Prompt
#13 - Icons Picnics
A dinner
party with 12 guests. Well, first of all, that would never happen.
Thirteen at a table is
unlucky and would never be permitted. I'm sure it was not my
grandmother who invented the
"kids' table" to avoid this problem. And you thought it was
just to confine the noise to one corner!
Second,
I'm one of those slow people, introvert and proud, who much prefers
one-to-one to large group interactions. So, I'd set this challenge up
as an interviewing process, and I'd get to talk to each applicant one
at a time, a private screening of sorts. In order to free me to talk
without having to play hostess, to serve, I'd bring a picnic basket,
a "cooler" of Proudly Canadian foods to share and to honour
my guests: smoked salmon cream cheese on Manitoba rye for starters,
moosemeat tourtiere, rhubarb chutney, mashed potato salad, cold asparagus
with vinaigrette, BC wine, wild strawberries, Nanaimo bars or butter
tart bars made with
dates and pecans (gifts from eastern and southern friends).
Choosing
the Famous/Special/Iconic People to be my guests will not be
difficult. The challenge will be to come up for each with one
open-ended question about which I am curious. Apologies for the
heavily weighted Canadian heroes and heroines, although I do hope
that my questions will be relatively universal. Let's start with the
women.
Ann
Boleyn: "Five hundred years later we still talk about you. Of
course, I want to hear “Anne's version” but in context. So, would
you talk about what is/was the impact of your parents and their time
on your life, early and later?"
Emily
Carr: "You have made us proud to be female and British Columbian
Canadian. In what ways was being born in Victoria a benefit to your
career and in what ways was it an impediment?"
Marilyn
Monroe: "Some Like It Hot is my all-time favourite movie. In
what ways do you feel your personal background influenced your career
and in what ways was it affected by the prejudices and mores of your
era?"
Margaret
Laurence: "You are the 'great mother/wise crone' of my life.
Did/do you feel that your Canadian readers failed you, didn't get
what you were doing with The Diviners? Or, with hindsight, would you
have changed the way you did it?"
Alice
Munro: "Congratulations on your well-deserved Nobel Prize for
Literature. You make us all so proud. What kept you going in the
early years? Were you ever tempted to abandon writing? Was there a
shift from “telling” stories to “selling” stories? If so, did
it change your writing? If so, in what ways?"
Louis
Riel: "You are our Nelson Mandela. You are now acknowledged as
the Father of Confederation for my home province even though when you
left it and went into exile, there was a warrant out for your arrest.
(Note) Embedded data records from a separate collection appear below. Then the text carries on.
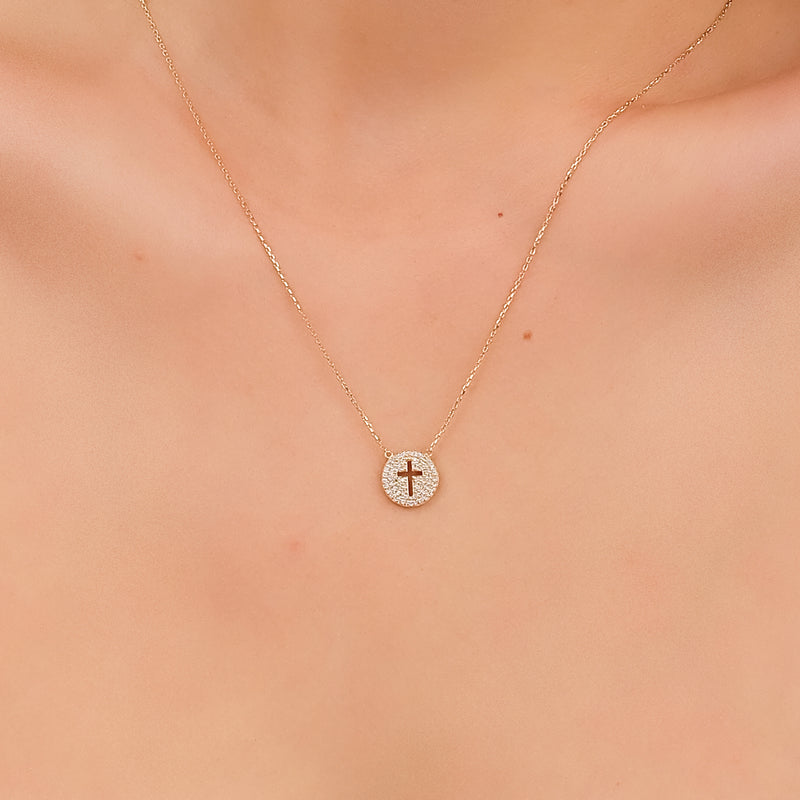 Unique cross pendant necklace with a cutout and sparkling diamonds in gold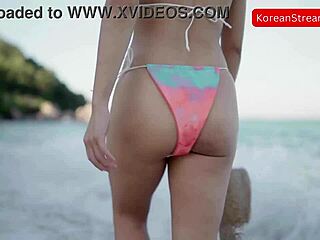 Sexy asian model walks along beach in bikini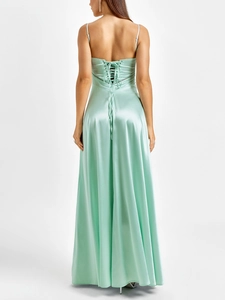 Detail of the mint green satin dress featuring a corset lace-up back and open back design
You stood up for your people against racial, religious, and
geographic prejudice and were rewarded with the label “traitor”
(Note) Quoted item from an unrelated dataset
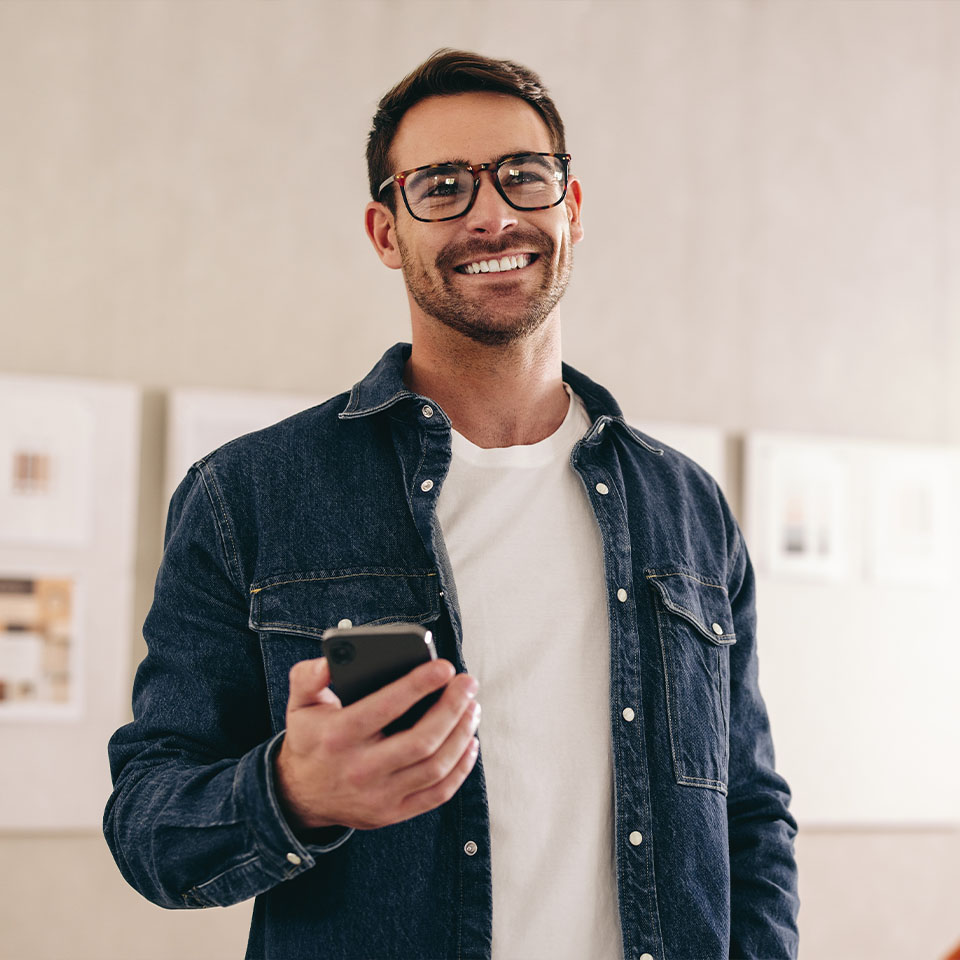 A man wearing glasses and a denim shirt smiles while holding a smartphone, standing indoors with framed pictures on the wall behind him.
and a hangman's noose. Some still insist that your religious
mysticism and questionable political choices indicate insanity. As if
only an insane person would challenge colonial power! What really was
the enemy you were fighting against? Would you do anything
differently, if you were leading the Metis people, speaking to and
for all Canadians today?"
Big
Bear: "You were right, Old Man, Honoured Elder, and you are
still right, and there is no one standing up and saying that, and no
one willing to hear. Did you ever lose faith in your visions? What
would you recommend for First Nations leaders today? What would you
say to the rest of Canada?"
John A.
Macdonald: "We acknowledge you as the Father of Canada. Without
you, we would not exist as a nation. You were a man of your era, of
capitalism and imperialism, Christianity and white supremacy, an
immigrant from impoverished urban Europe. From what you have seen
since, from up (or down) there, what are some of the negative impacts
of your certainties, especially on “outsiders” or "others"?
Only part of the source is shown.